Please give back each entry below unaltered, leaving the pictures out.
# # # #
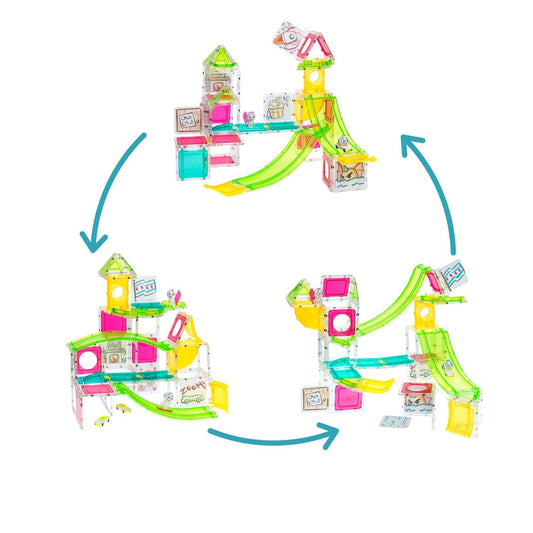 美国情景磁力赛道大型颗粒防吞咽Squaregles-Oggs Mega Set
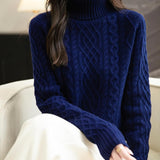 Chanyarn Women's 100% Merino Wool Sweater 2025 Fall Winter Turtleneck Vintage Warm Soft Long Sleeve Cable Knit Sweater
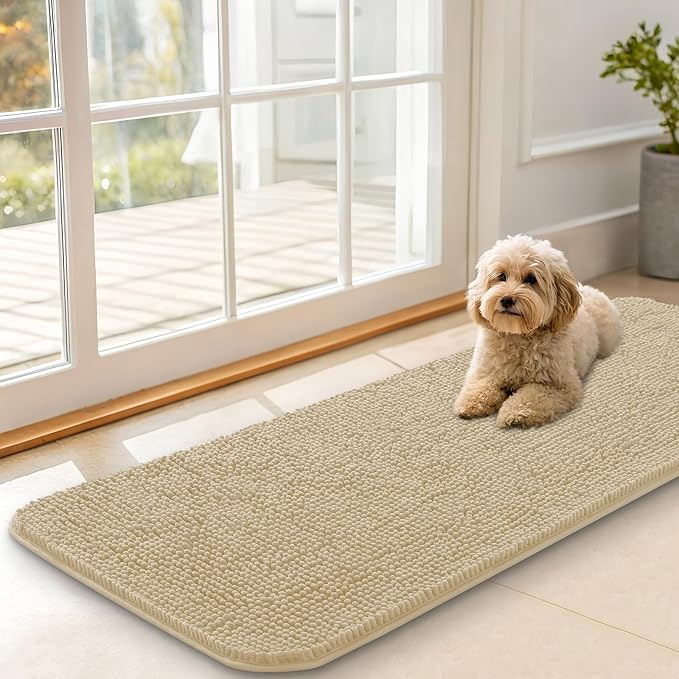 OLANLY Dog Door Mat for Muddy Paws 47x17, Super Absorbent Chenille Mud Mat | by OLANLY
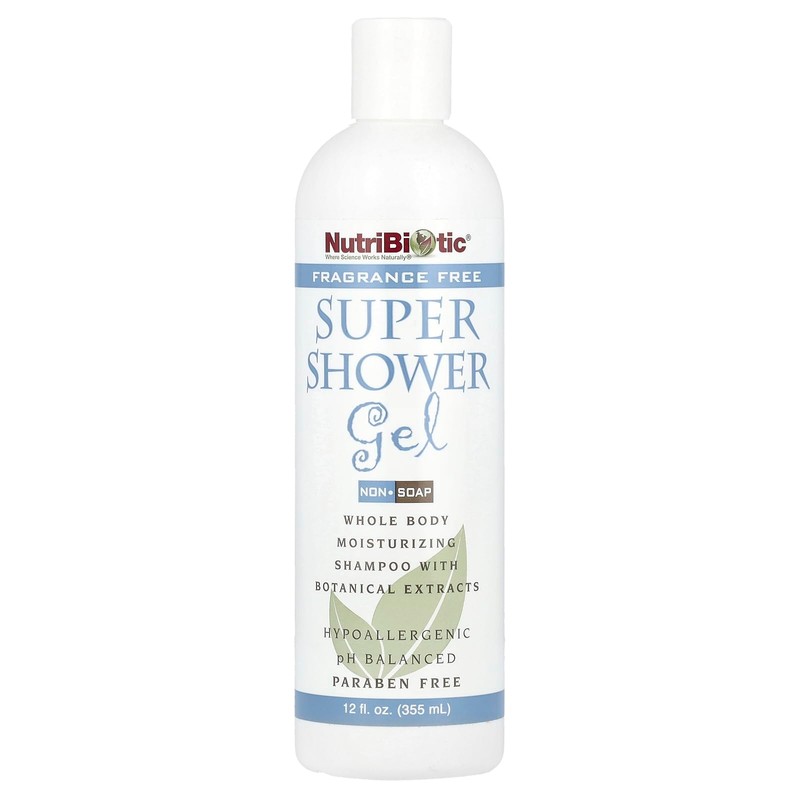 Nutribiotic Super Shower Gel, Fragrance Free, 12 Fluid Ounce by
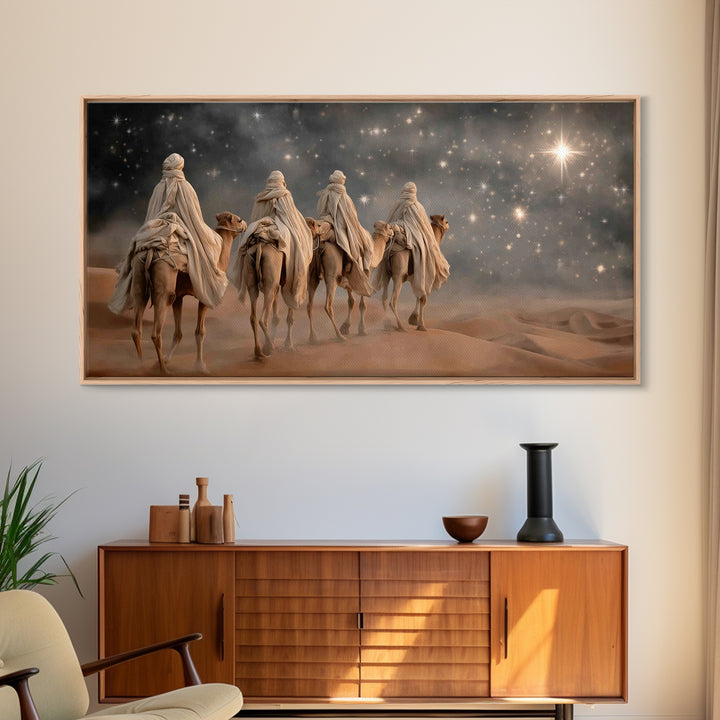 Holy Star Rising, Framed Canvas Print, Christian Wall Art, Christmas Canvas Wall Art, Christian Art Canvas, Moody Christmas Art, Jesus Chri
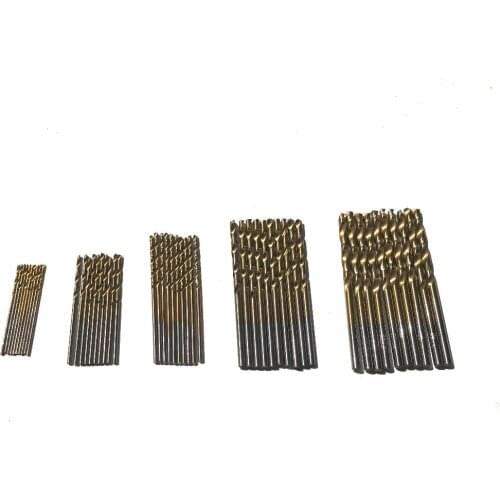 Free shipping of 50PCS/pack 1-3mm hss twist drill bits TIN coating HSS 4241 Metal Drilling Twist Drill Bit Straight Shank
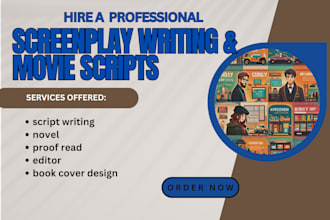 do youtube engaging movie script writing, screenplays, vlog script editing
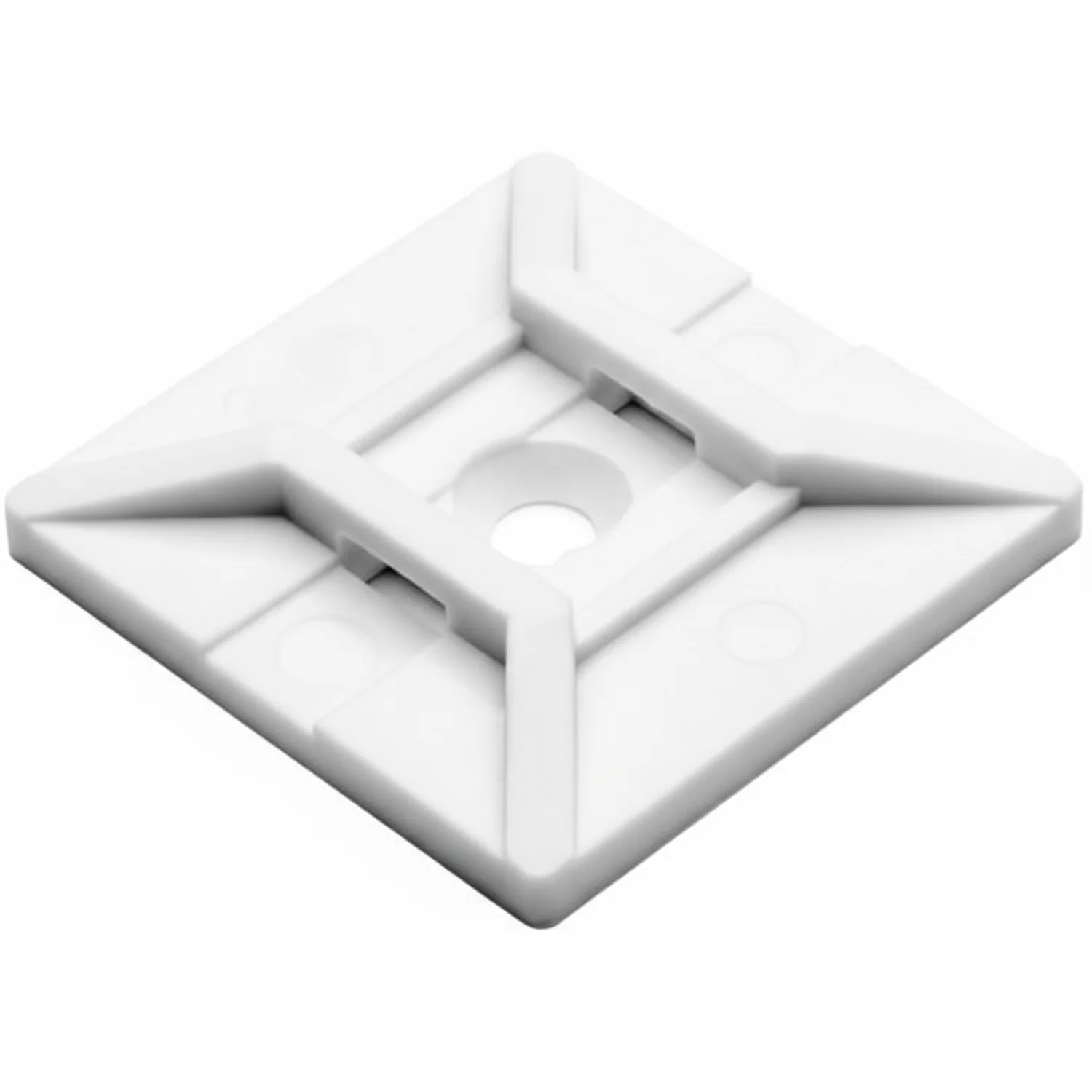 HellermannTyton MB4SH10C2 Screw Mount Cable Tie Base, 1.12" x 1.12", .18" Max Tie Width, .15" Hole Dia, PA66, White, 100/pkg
# # # #
• [OUTPUT FOR THIS EXERCISE]
 美国情景磁力赛道大型颗粒防吞咽Squaregles-Oggs Mega Set
 Chanyarn Women's 100% Merino Wool Sweater 2025 Fall Winter Turtleneck Vintage Warm Soft Long Sleeve Cable Knit Sweater
 OLANLY Dog Door Mat for Muddy Paws 47x17, Super Absorbent Chenille Mud Mat | by OLANLY
 Nutribiotic Super Shower Gel, Fragrance Free, 12 Fluid Ounce by
 Holy Star Rising, Framed Canvas Print, Christian Wall Art, Christmas Canvas Wall Art, Christian Art Canvas, Moody Christmas Art, Jesus Chri
 Free shipping of 50PCS/pack 1-3mm hss twist drill bits TIN coating HSS 4241 Metal Drilling Twist Drill Bit Straight Shank
 do youtube engaging movie script writing, screenplays, vlog script editing
 HellermannTyton MB4SH10C2 Screw Mount Cable Tie Base, 1.12" x 1.12", .18" Max Tie Width, .15" Hole Dia, PA66, White, 100/pkg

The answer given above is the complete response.